Tai chi is an ancient Chinese practice that involves meditation and controlled breathing combined with slow and gentle movements. It encourages optimal body alignment, which allows the lungs to breathe more easily and joints and muscles to function better. It also promotes balance and mental health, which can help to ease pain. Its benefits are so strong that almost all major healthcare organizations recommend and encourage it.

It has been shown that Tai Chi is effective in reducing chronic pain conditions, such as OA and RA. It also improves balance, which helps prevent falls that can lead to hip fractures. It is important to note that tai chi requires regular practice to see the most significant results.

Several systematic reviews (SRs) have been published regarding the effectiveness of Tai Chi in relieving chronic pain conditions, such as OA and knee osteoarthritis. However, SRs vary in methodology and reporting quality. This review aims to provide an overview of the evidence for Tai Chi in relieving pain and improving balance, gait and functional ability in people with OA.

Water Aerobics

If pounding the pavement or jumping rope puts stress on your joints, water aerobics may be the perfect exercise for you. These workouts are typically done in chest-deep water and help unweight your body by up to 75%, which lessens the impact on your joints. They can also improve flexibility, strength and balance.

Often, these classes have an instructor and include exercises for all skill levels. Walking back and forth in the water helps build cardiovascular endurance, while jogging or doing flutter kicks in the water builds muscle strength. Some instructors even add equipment like foam dumbbells to increase resistance.
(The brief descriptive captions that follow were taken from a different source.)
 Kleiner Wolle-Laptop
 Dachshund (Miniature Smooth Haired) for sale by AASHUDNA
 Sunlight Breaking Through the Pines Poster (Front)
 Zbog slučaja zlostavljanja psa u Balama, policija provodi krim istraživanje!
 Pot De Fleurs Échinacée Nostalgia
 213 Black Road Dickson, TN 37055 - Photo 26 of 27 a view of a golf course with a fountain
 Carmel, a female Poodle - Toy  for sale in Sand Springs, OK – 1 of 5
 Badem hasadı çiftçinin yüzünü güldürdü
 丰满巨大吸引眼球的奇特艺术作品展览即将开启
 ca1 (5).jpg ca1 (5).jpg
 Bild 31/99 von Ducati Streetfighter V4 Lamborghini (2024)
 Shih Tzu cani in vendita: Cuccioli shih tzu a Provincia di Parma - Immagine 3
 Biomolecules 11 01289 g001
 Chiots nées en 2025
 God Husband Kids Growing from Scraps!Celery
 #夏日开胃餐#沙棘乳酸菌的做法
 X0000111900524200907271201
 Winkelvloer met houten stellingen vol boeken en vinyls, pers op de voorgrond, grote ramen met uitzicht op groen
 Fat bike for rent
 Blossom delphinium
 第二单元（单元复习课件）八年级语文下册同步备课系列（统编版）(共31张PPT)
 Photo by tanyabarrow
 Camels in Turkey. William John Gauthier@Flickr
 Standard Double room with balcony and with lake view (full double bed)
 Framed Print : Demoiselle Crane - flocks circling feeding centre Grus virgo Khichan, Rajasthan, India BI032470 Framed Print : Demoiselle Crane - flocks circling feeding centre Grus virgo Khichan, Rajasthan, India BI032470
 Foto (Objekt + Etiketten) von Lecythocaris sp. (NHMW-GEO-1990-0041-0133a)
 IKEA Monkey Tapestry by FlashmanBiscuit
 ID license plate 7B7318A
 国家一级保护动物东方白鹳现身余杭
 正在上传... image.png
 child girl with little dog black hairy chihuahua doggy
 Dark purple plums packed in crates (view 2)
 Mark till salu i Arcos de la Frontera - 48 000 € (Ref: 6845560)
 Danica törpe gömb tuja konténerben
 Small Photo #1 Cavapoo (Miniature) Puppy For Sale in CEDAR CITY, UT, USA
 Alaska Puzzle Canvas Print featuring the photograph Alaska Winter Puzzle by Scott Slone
The buoyancy of the water also reduces stress on joints, so you can work out without putting a lot of pressure on your knees or ankles. Plus, it can be fun to take a class with a friend or family member and socialize while you’re exercising. A study published in July 2018 found that aging adults who danced regularly improved their physical fitness while experiencing cognitive benefits, such as better sleep and fewer memory problems.

Stationary Rowing

Rowing is a full-body exercise that builds muscle and burns calories. It is also a low-impact workout that is beginner friendly, so you can get stronger without aggravating your joints.

When using a rowing machine, it is important to focus on proper form to reduce your risk of injury. During the catch, knees should remain flexed rather than locked out to prevent injuries like iliotibial band friction syndrome or patellofemoral stress syndrome.

During the drive, you should exhale as your legs push off and pull the handles towards you, creating a controlled breathing pattern that improves performance. You can track your progress with the monitor on most ergs that shows distance and time.

Rowing offers a low-impact, non-weight bearing exercise that can strengthen and improve the flexibility of the joints in your back, hips, shoulders, arms, and abdomen. It can even strengthen the muscles around your knees to alleviate or prevent pain and improve overall knee health. Rowing is a great option for people with arthritis or other joint and bone injuries, especially as a cross-training supplement to high-impact cardio workouts.


The body is designed to move, but painful joints may deter many people from being active. However, even mild exercise can help keep joints healthy and strengthen muscles around the joint. A strong muscle can take the pressure off a stiff joint by absorbing shock and supporting it.

In addition to helping to alleviate pain, exercise can improve mental health and prevent weight gain. It is recommended that people with arthritis be moderately physically active for 150 minutes per week, which can include low-impact exercises like walking, swimming or water aerobics, as well as household chores and gardening.

Lap swimming is a great lower-body workout that can improve strength and flexibility, and the buoyancy of the water relieves pressure on joints. Stationary biking is another great way to burn calories while reducing impact on knees and ankles. Elliptical training, which is a combination of running and cycling, also can provide a good cardio workout without putting too much strain on the joints. For upper-body strength training, try using hand weights or doing a few sets of exercises with light dumbbells in the water.